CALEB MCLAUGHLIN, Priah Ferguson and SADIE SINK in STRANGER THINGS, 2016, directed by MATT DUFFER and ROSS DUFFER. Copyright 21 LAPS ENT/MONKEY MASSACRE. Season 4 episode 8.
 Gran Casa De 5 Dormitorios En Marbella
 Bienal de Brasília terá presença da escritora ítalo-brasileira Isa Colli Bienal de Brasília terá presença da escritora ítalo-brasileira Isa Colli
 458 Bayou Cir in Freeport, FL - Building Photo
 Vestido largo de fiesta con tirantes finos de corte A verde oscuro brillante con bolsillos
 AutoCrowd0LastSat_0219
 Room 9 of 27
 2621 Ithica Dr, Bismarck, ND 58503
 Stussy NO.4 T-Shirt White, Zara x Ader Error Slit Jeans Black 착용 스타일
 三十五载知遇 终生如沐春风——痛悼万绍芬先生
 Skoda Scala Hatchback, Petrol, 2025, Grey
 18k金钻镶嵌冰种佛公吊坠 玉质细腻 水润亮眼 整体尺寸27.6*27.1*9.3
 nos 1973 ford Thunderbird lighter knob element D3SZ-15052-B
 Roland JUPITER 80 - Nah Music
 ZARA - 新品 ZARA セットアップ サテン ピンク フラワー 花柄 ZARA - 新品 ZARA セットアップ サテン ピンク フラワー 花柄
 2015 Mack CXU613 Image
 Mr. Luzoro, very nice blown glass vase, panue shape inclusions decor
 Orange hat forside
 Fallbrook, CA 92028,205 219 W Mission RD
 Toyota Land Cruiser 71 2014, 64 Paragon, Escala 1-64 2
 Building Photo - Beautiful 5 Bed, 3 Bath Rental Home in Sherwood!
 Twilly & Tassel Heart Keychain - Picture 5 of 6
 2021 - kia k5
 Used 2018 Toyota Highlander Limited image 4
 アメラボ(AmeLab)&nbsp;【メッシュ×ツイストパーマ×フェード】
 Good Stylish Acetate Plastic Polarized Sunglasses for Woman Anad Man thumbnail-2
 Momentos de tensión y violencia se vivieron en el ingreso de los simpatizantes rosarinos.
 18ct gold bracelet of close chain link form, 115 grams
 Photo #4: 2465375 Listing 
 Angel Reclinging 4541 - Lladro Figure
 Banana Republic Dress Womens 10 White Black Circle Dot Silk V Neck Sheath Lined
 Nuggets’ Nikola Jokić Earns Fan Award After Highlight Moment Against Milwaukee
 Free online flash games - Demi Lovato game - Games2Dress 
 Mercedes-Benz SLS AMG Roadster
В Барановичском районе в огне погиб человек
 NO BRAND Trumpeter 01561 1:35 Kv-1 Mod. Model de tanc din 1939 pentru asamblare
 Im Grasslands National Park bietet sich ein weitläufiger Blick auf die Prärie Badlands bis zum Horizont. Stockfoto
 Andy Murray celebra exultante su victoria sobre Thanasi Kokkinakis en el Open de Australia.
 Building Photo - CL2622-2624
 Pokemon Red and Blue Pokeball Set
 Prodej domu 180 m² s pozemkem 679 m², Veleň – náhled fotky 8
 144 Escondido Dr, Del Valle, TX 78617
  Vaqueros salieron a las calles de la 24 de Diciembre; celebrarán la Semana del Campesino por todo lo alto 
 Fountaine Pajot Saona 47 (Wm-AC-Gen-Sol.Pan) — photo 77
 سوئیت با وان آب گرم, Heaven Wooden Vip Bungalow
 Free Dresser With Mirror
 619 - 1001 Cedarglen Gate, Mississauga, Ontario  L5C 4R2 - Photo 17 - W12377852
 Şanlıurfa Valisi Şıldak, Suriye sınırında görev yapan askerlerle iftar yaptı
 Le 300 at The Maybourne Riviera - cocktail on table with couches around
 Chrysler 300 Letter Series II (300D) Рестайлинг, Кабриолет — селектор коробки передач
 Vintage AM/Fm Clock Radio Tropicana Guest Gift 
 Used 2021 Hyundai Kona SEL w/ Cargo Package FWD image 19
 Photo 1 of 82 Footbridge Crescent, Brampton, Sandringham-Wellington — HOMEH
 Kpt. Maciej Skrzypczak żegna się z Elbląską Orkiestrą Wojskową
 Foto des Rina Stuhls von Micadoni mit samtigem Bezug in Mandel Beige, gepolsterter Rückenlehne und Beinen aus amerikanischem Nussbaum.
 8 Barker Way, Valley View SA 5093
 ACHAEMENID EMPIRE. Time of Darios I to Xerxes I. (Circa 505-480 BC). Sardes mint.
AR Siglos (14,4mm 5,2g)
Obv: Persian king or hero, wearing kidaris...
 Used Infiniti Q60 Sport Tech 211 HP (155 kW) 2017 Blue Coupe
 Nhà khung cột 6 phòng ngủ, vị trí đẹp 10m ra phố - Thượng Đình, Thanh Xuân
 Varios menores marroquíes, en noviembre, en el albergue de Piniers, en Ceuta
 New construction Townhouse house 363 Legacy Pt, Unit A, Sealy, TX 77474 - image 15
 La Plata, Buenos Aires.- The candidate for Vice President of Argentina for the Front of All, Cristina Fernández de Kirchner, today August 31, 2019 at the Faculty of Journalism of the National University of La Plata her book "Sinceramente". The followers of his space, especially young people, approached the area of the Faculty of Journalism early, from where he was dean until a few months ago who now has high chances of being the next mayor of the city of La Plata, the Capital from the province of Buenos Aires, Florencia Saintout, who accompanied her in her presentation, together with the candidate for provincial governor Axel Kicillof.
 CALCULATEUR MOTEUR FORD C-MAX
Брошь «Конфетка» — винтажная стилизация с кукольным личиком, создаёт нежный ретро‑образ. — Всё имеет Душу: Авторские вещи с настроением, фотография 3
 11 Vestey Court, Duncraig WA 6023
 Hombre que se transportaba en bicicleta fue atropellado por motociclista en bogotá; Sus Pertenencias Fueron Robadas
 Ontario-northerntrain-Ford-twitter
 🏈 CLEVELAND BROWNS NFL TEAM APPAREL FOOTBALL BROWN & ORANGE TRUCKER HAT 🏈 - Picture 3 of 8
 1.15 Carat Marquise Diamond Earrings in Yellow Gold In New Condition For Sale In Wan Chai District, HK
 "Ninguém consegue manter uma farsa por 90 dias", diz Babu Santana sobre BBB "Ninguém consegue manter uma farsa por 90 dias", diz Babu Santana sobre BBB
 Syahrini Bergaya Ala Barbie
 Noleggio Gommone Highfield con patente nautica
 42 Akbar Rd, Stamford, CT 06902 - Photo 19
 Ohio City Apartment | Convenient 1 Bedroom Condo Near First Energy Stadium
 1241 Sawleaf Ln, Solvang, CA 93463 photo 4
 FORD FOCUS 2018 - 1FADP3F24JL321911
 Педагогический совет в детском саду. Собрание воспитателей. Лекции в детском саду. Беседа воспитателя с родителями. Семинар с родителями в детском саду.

ABOUT THIS EXERCISE: A verbatim restatement of all the entries above is required.

EXPECTED ANSWER:
CALEB MCLAUGHLIN, Priah Ferguson and SADIE SINK in STRANGER THINGS, 2016, directed by MATT DUFFER and ROSS DUFFER. Copyright 21 LAPS ENT/MONKEY MASSACRE. Season 4 episode 8.
 Gran Casa De 5 Dormitorios En Marbella
 Bienal de Brasília terá presença da escritora ítalo-brasileira Isa Colli Bienal de Brasília terá presença da escritora ítalo-brasileira Isa Colli
 458 Bayou Cir in Freeport, FL - Building Photo
 Vestido largo de fiesta con tirantes finos de corte A verde oscuro brillante con bolsillos
 AutoCrowd0LastSat_0219
 Room 9 of 27
 2621 Ithica Dr, Bismarck, ND 58503
 Stussy NO.4 T-Shirt White, Zara x Ader Error Slit Jeans Black 착용 스타일
 三十五载知遇 终生如沐春风——痛悼万绍芬先生
 Skoda Scala Hatchback, Petrol, 2025, Grey
 18k金钻镶嵌冰种佛公吊坠 玉质细腻 水润亮眼 整体尺寸27.6*27.1*9.3
 nos 1973 ford Thunderbird lighter knob element D3SZ-15052-B
 Roland JUPITER 80 - Nah Music
 ZARA - 新品 ZARA セットアップ サテン ピンク フラワー 花柄 ZARA - 新品 ZARA セットアップ サテン ピンク フラワー 花柄
 2015 Mack CXU613 Image
 Mr. Luzoro, very nice blown glass vase, panue shape inclusions decor
 Orange hat forside
 Fallbrook, CA 92028,205 219 W Mission RD
 Toyota Land Cruiser 71 2014, 64 Paragon, Escala 1-64 2
 Building Photo - Beautiful 5 Bed, 3 Bath Rental Home in Sherwood!
 Twilly & Tassel Heart Keychain - Picture 5 of 6
 2021 - kia k5
 Used 2018 Toyota Highlander Limited image 4
 アメラボ(AmeLab)&nbsp;【メッシュ×ツイストパーマ×フェード】
 Good Stylish Acetate Plastic Polarized Sunglasses for Woman Anad Man thumbnail-2
 Momentos de tensión y violencia se vivieron en el ingreso de los simpatizantes rosarinos.
 18ct gold bracelet of close chain link form, 115 grams
 Photo #4: 2465375 Listing 
 Angel Reclinging 4541 - Lladro Figure
 Banana Republic Dress Womens 10 White Black Circle Dot Silk V Neck Sheath Lined
 Nuggets’ Nikola Jokić Earns Fan Award After Highlight Moment Against Milwaukee
 Free online flash games - Demi Lovato game - Games2Dress 
 Mercedes-Benz SLS AMG Roadster
В Барановичском районе в огне погиб человек
 NO BRAND Trumpeter 01561 1:35 Kv-1 Mod. Model de tanc din 1939 pentru asamblare
 Im Grasslands National Park bietet sich ein weitläufiger Blick auf die Prärie Badlands bis zum Horizont. Stockfoto
 Andy Murray celebra exultante su victoria sobre Thanasi Kokkinakis en el Open de Australia.
 Building Photo - CL2622-2624
 Pokemon Red and Blue Pokeball Set
 Prodej domu 180 m² s pozemkem 679 m², Veleň – náhled fotky 8
 144 Escondido Dr, Del Valle, TX 78617
  Vaqueros salieron a las calles de la 24 de Diciembre; celebrarán la Semana del Campesino por todo lo alto 
 Fountaine Pajot Saona 47 (Wm-AC-Gen-Sol.Pan) — photo 77
 سوئیت با وان آب گرم, Heaven Wooden Vip Bungalow
 Free Dresser With Mirror
 619 - 1001 Cedarglen Gate, Mississauga, Ontario  L5C 4R2 - Photo 17 - W12377852
 Şanlıurfa Valisi Şıldak, Suriye sınırında görev yapan askerlerle iftar yaptı
 Le 300 at The Maybourne Riviera - cocktail on table with couches around
 Chrysler 300 Letter Series II (300D) Рестайлинг, Кабриолет — селектор коробки передач
 Vintage AM/Fm Clock Radio Tropicana Guest Gift 
 Used 2021 Hyundai Kona SEL w/ Cargo Package FWD image 19
 Photo 1 of 82 Footbridge Crescent, Brampton, Sandringham-Wellington — HOMEH
 Kpt. Maciej Skrzypczak żegna się z Elbląską Orkiestrą Wojskową
 Foto des Rina Stuhls von Micadoni mit samtigem Bezug in Mandel Beige, gepolsterter Rückenlehne und Beinen aus amerikanischem Nussbaum.
 8 Barker Way, Valley View SA 5093
 ACHAEMENID EMPIRE. Time of Darios I to Xerxes I. (Circa 505-480 BC). Sardes mint.
AR Siglos (14,4mm 5,2g)
Obv: Persian king or hero, wearing kidaris...
 Used Infiniti Q60 Sport Tech 211 HP (155 kW) 2017 Blue Coupe
 Nhà khung cột 6 phòng ngủ, vị trí đẹp 10m ra phố - Thượng Đình, Thanh Xuân
 Varios menores marroquíes, en noviembre, en el albergue de Piniers, en Ceuta
 New construction Townhouse house 363 Legacy Pt, Unit A, Sealy, TX 77474 - image 15
 La Plata, Buenos Aires.- The candidate for Vice President of Argentina for the Front of All, Cristina Fernández de Kirchner, today August 31, 2019 at the Faculty of Journalism of the National University of La Plata her book "Sinceramente". The followers of his space, especially young people, approached the area of the Faculty of Journalism early, from where he was dean until a few months ago who now has high chances of being the next mayor of the city of La Plata, the Capital from the province of Buenos Aires, Florencia Saintout, who accompanied her in her presentation, together with the candidate for provincial governor Axel Kicillof.
 CALCULATEUR MOTEUR FORD C-MAX
Брошь «Конфетка» — винтажная стилизация с кукольным личиком, создаёт нежный ретро‑образ. — Всё имеет Душу: Авторские вещи с настроением, фотография 3
 11 Vestey Court, Duncraig WA 6023
 Hombre que se transportaba en bicicleta fue atropellado por motociclista en bogotá; Sus Pertenencias Fueron Robadas
 Ontario-northerntrain-Ford-twitter
 🏈 CLEVELAND BROWNS NFL TEAM APPAREL FOOTBALL BROWN & ORANGE TRUCKER HAT 🏈 - Picture 3 of 8
 1.15 Carat Marquise Diamond Earrings in Yellow Gold In New Condition For Sale In Wan Chai District, HK
 "Ninguém consegue manter uma farsa por 90 dias", diz Babu Santana sobre BBB "Ninguém consegue manter uma farsa por 90 dias", diz Babu Santana sobre BBB
 Syahrini Bergaya Ala Barbie
 Noleggio Gommone Highfield con patente nautica
 42 Akbar Rd, Stamford, CT 06902 - Photo 19
 Ohio City Apartment | Convenient 1 Bedroom Condo Near First Energy Stadium
 1241 Sawleaf Ln, Solvang, CA 93463 photo 4
 FORD FOCUS 2018 - 1FADP3F24JL321911
 Педагогический совет в детском саду. Собрание воспитателей. Лекции в детском саду. Беседа воспитателя с родителями. Семинар с родителями в детском саду.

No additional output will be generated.